Sucking on a foil sachet of juice as he went, Campbell toured the ship, checking every nook and cranny. Even if the computer system was guaranteed to detect the slow leak of a micrometeor penetration, he liked to be certain there were no such problems.
“James... James...” Someone, a woman, was whispering his voice.
“Sarah is that you? Rani?” No reply. He held his wrist comm to his mouth and called them both. They were both where they were supposed to be, not anywhere near life-support. He didn’t hear the voice again. Still a little disorientated from the DSE, he thought.
Despite its smal
l crew, Mentalis was quite large. Without the need to be aerodynamic, the ship had been built as a latticework and stretched for nearly two miles in length and a mile across.
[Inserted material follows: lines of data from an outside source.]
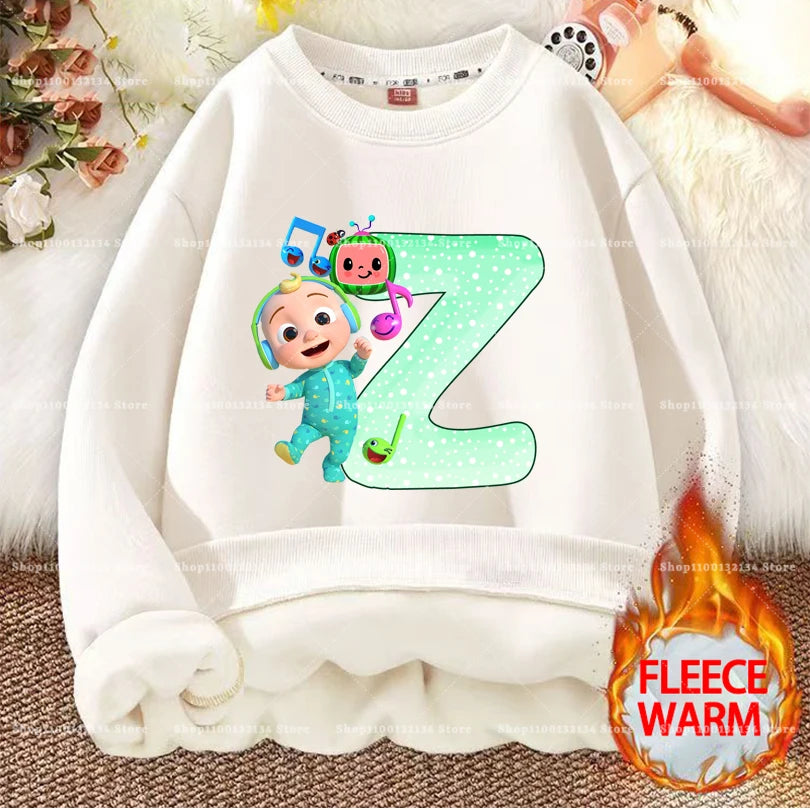 Cocomelons Kids Sweatshirts Anime Printed Letter A-Z Pullovers with Fleece Hoodies Boys Girls Children Crew Neck Clothes Gift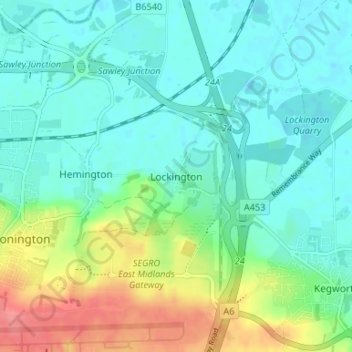 Mapa topográfico Lockington, altitud, relieve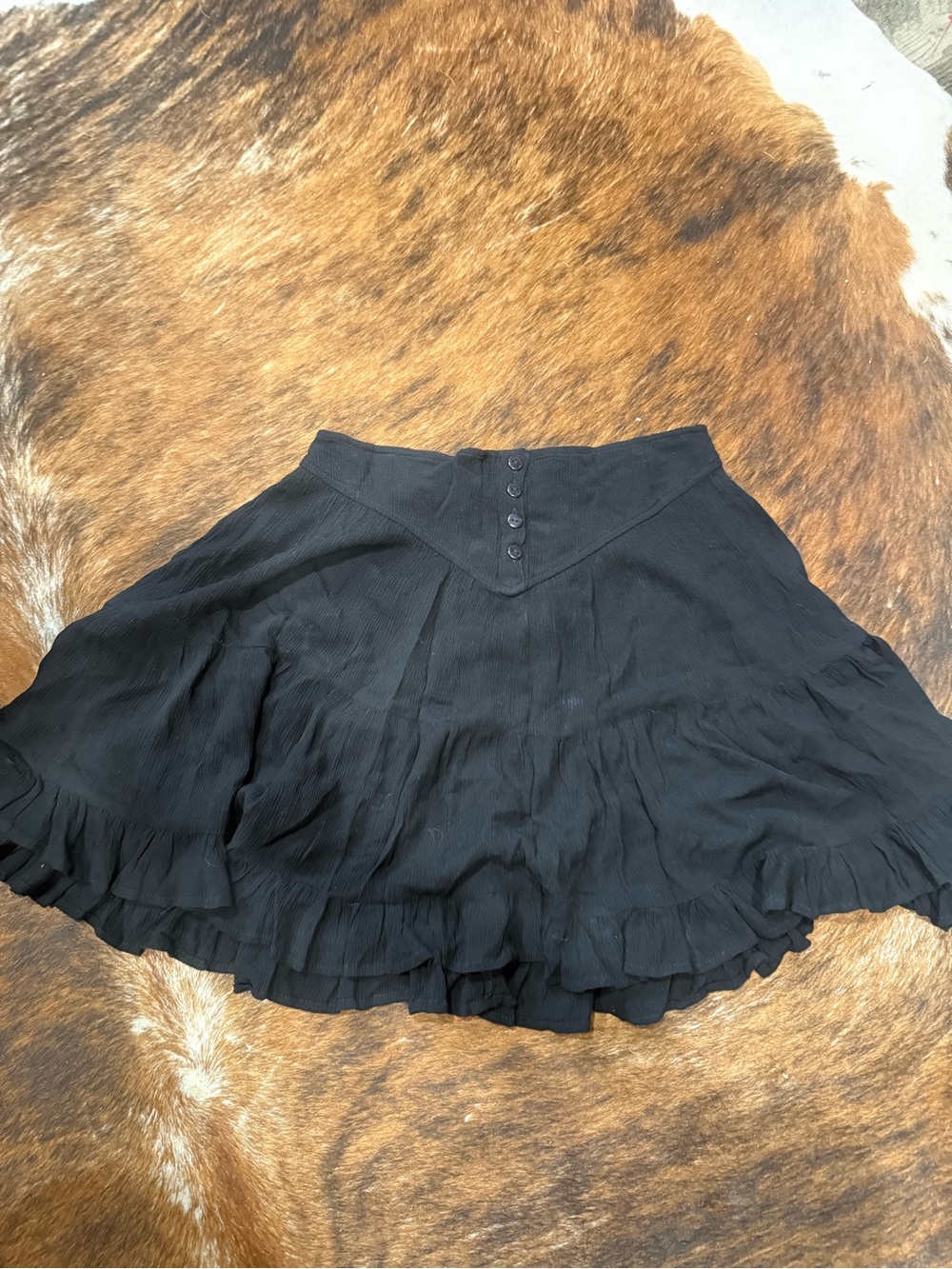 Patrons of Peace Black Ruffled Skater Skirt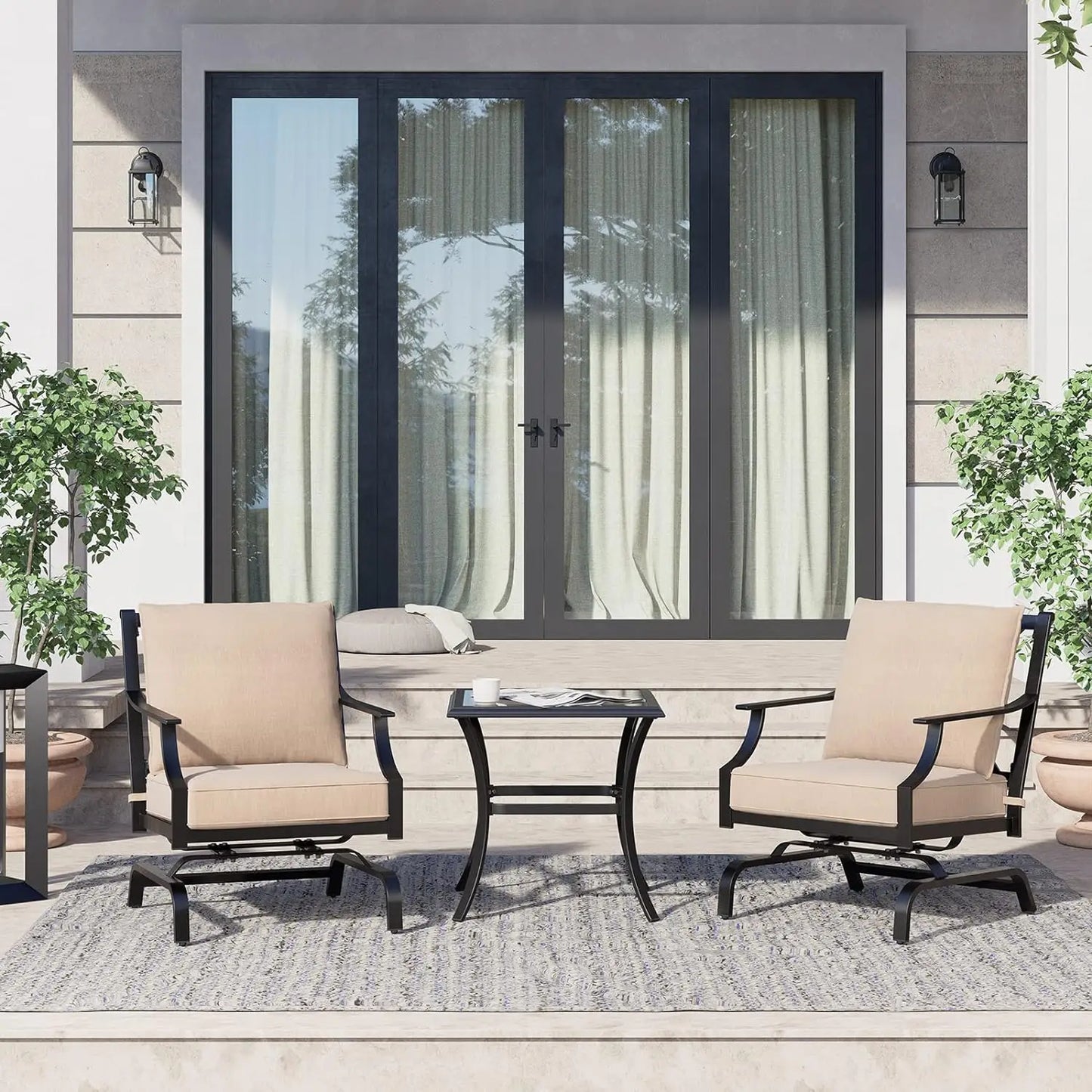 3 Piece Patio Set, 2 Motion Chairs with Side Table Perfect For Home, Garden, Deck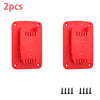 Two red wall-mounted battery tool holders with M-D sized slots and mounting tabs.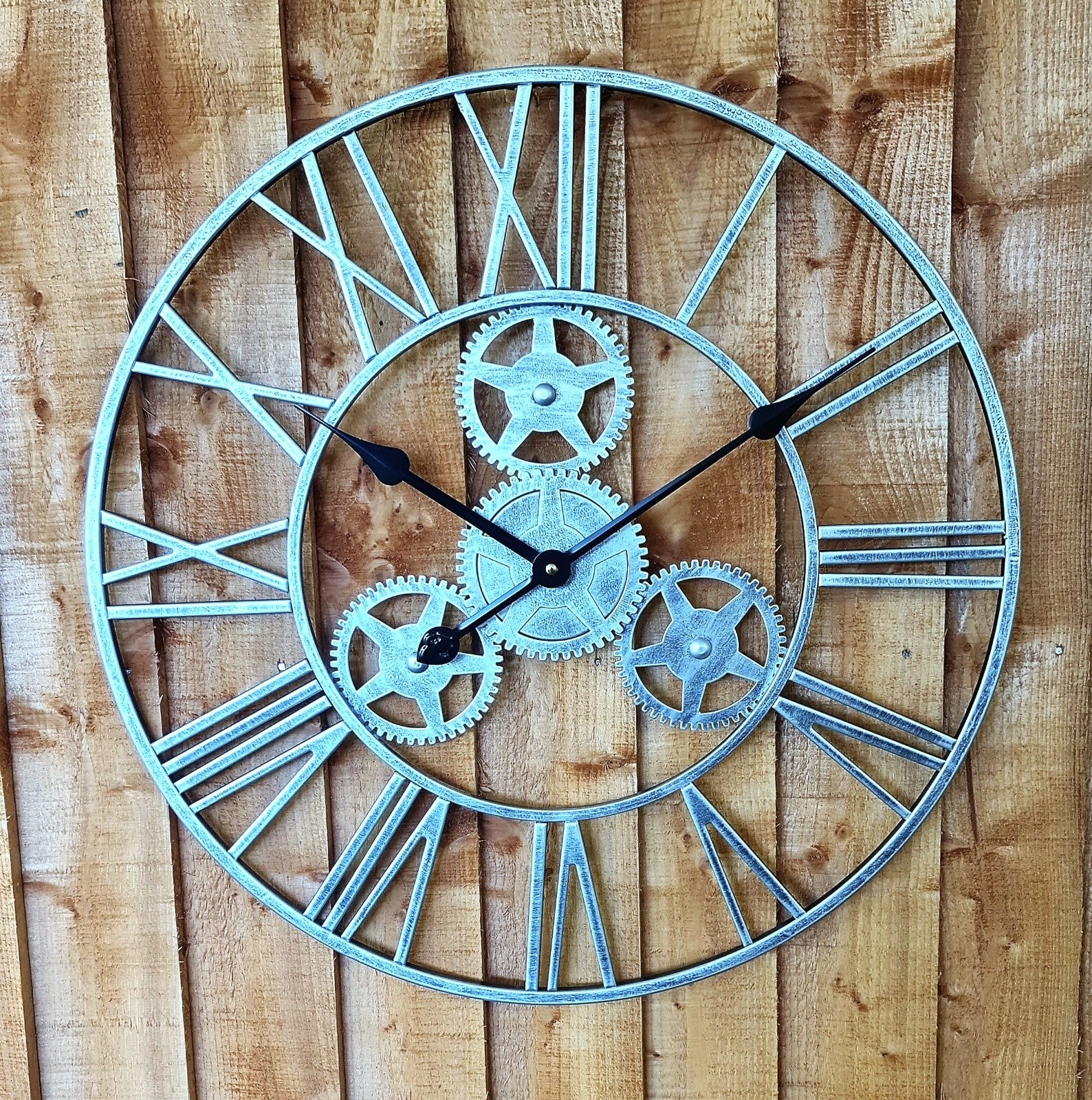 WALL CLOCK ROMAN LARGE INDOOR NUMERALS GIANT OPEN FACE METAL 58CM Garden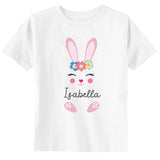 Personalized Girl Bunny With Name Toddler & Youth Easter T-Shirt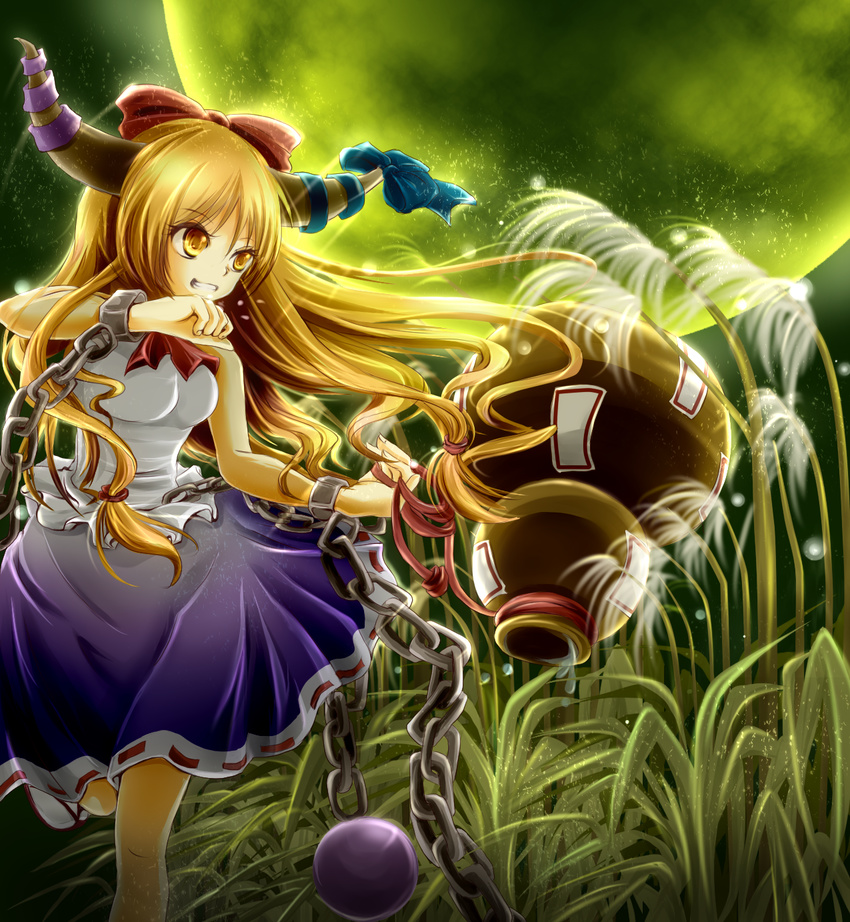 commentary_request female gourd highres ibuki_suika moon night rikkunia solo touhou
Somewhat conventionally, the bridge was at one end and the maneuver drives were at the other. The reactor was near the drives, isolating them from the limited risk of radiation. Engineering and life-support ran along the central sections of the lattice, while the medical bay was towards the middle of the ship. The final section, referred to as the jump drive, was located in a nodule atop a central spine.
Campbell walked every part of it.
His final destination was the jump drive, where Hannah was located. Her grav tank was modified, attached to equipment that would enhance and control her psychic potential. It struck Campbell as looking like an oversized coffin or a metallic mausoleum. If you cared to look through the view port at the girl’s agonized face in the green-tinted gel, you would see a spider-like network of metallic spines atop her shaven head, their ends piercing her skull, needle-like. It reminded him of some medieval torture device.
Campbell didn’t enjoy visiting this area, and he found it disturbing that Rani enjoyed her work with Hannah so much.
“How is she?” he asked.
“All life signs are stable and she’s still sedated. When we are ready to jump, I will stimulate her as per protocol.”
Essentially, that meant she would torture the unconscious girl to produce the desired effect, a stimulation of her flight response.
“Good.” He left as quickly as he could, returning to the bridge and taking his seat.
“Right, everybody begin the preliminaries for the jump.”
That entailed a further round of system checks and confirmations after which he issued the order to prepare for jump.
“Ten minutes till jump. Grav couches, everyone.”
Grav couches were used for lower-g maneuvers and had been deemed suitable for the jump. Of course nobody knew for certain what would actually occur during a jump, or how it would affect the human body and mind. They were, in essence, guinea pigs.
“Good luck, everybody. Five minutes till jump.”